» Work to complete:
Below are records with pictures; copy word for word only the lines between the line with "Ritratto di sorridente" and the line with "Elegant dining room", inclusive, and drop the pictures.

» Data supplied:
○ ○ ○ ○ ○ ○ ○
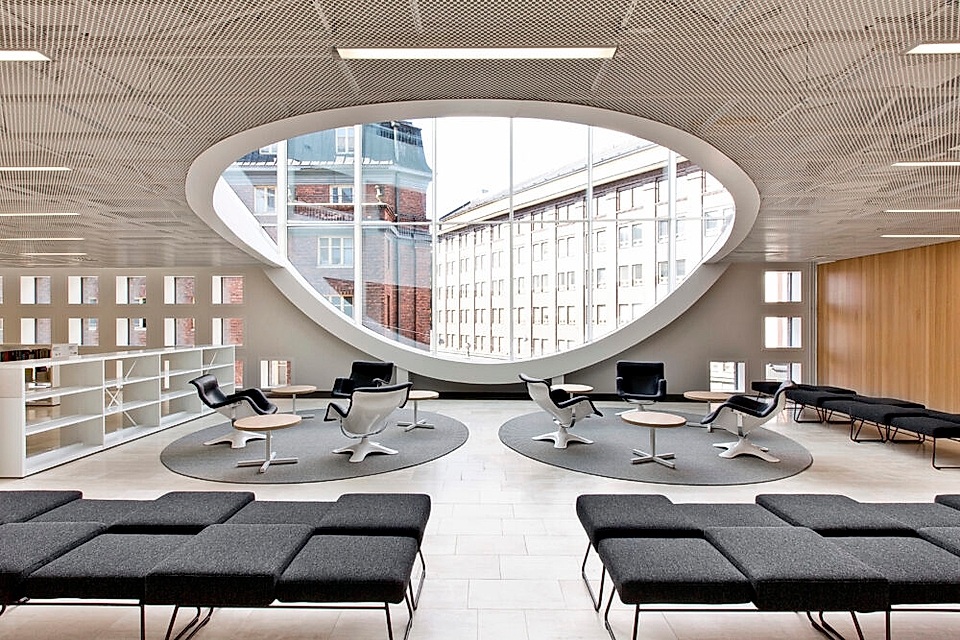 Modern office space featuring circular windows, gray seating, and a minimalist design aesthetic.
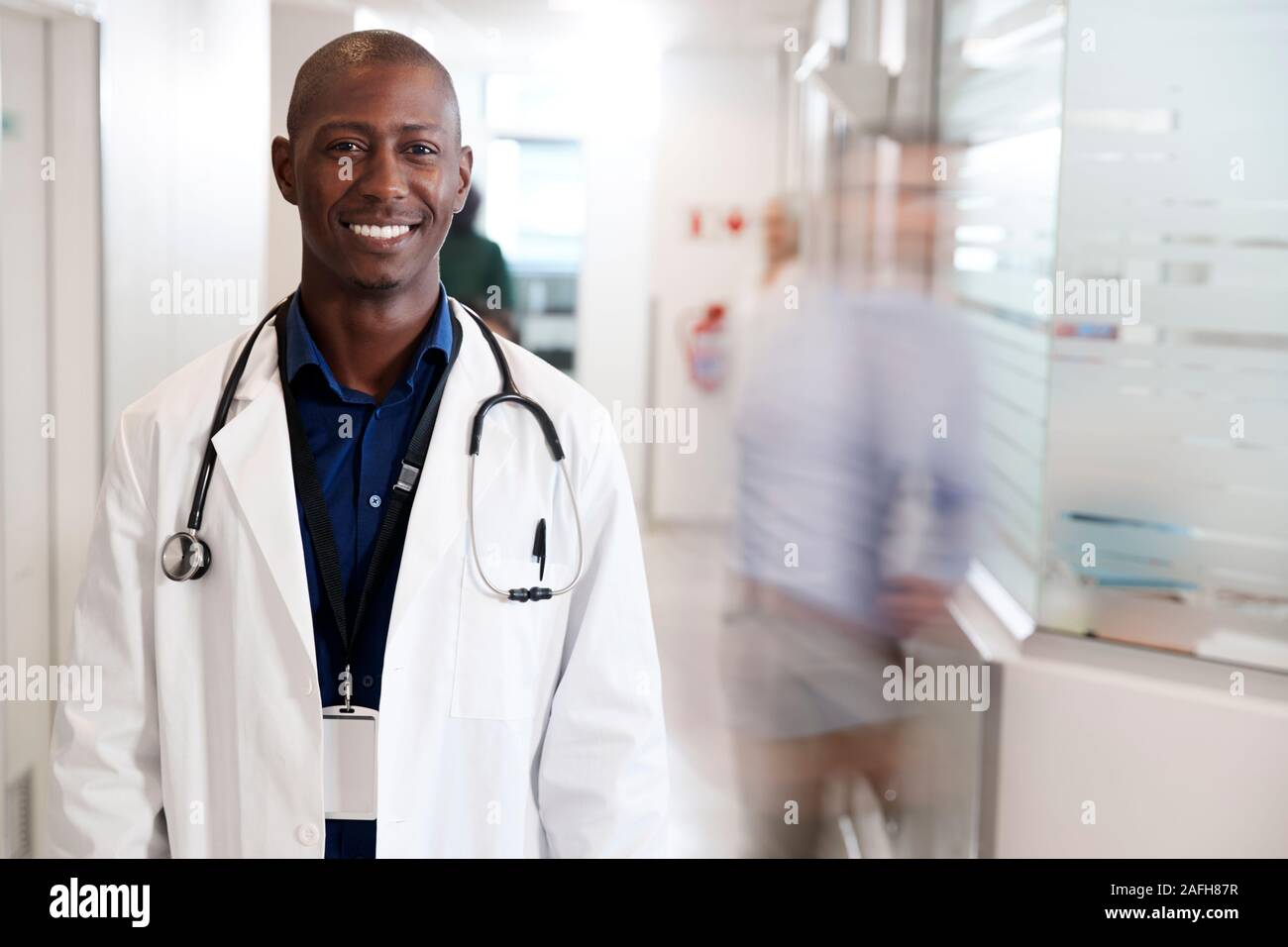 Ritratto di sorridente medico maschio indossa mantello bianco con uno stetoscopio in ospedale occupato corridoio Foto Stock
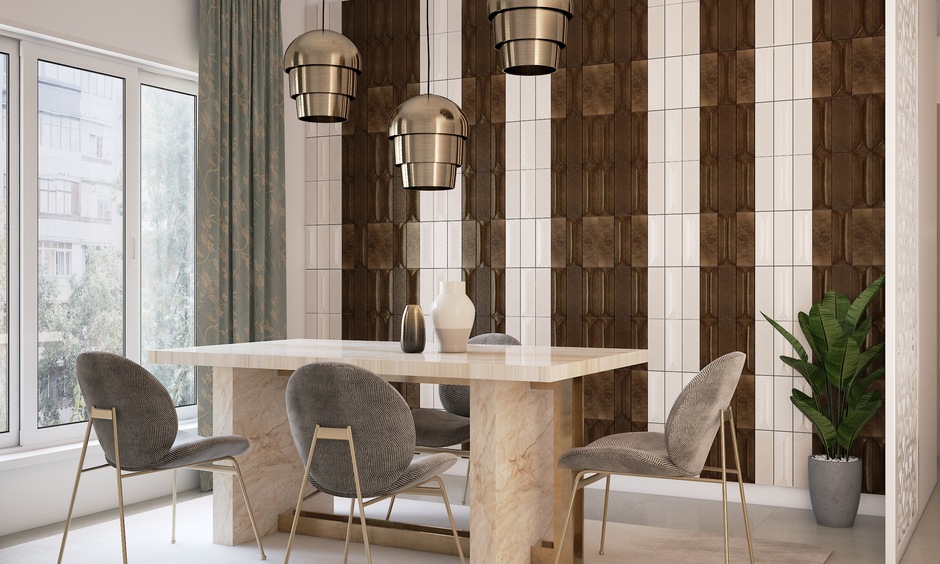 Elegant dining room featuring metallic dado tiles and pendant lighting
○ ○ ○ ○ ○ ○ ○
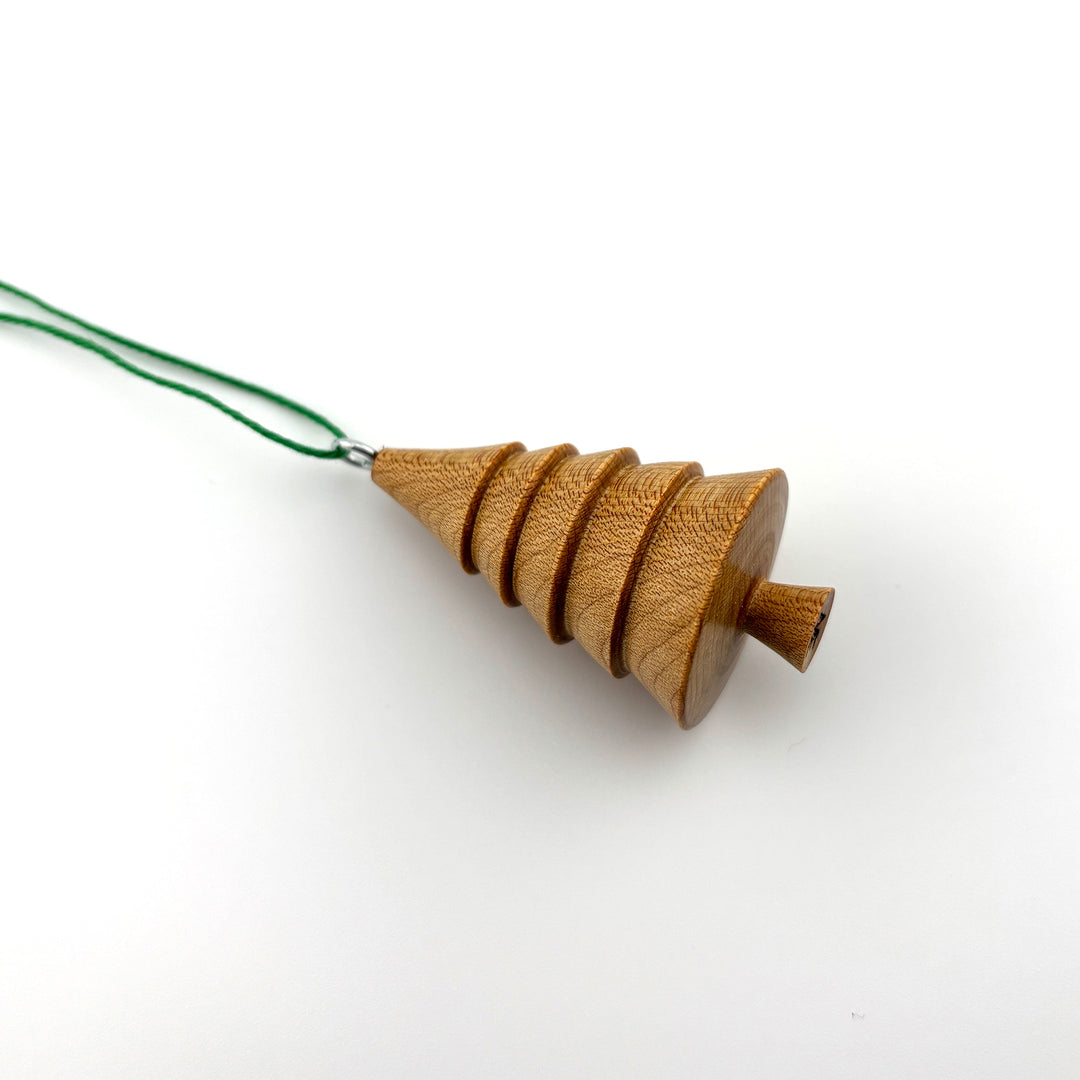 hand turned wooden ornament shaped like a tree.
○ ○ ○ ○ ○ ○ ○
» Exercise solution:
 Ritratto di sorridente medico maschio indossa mantello bianco con uno stetoscopio in ospedale occupato corridoio Foto Stock
 Elegant dining room featuring metallic dado tiles and pendant lighting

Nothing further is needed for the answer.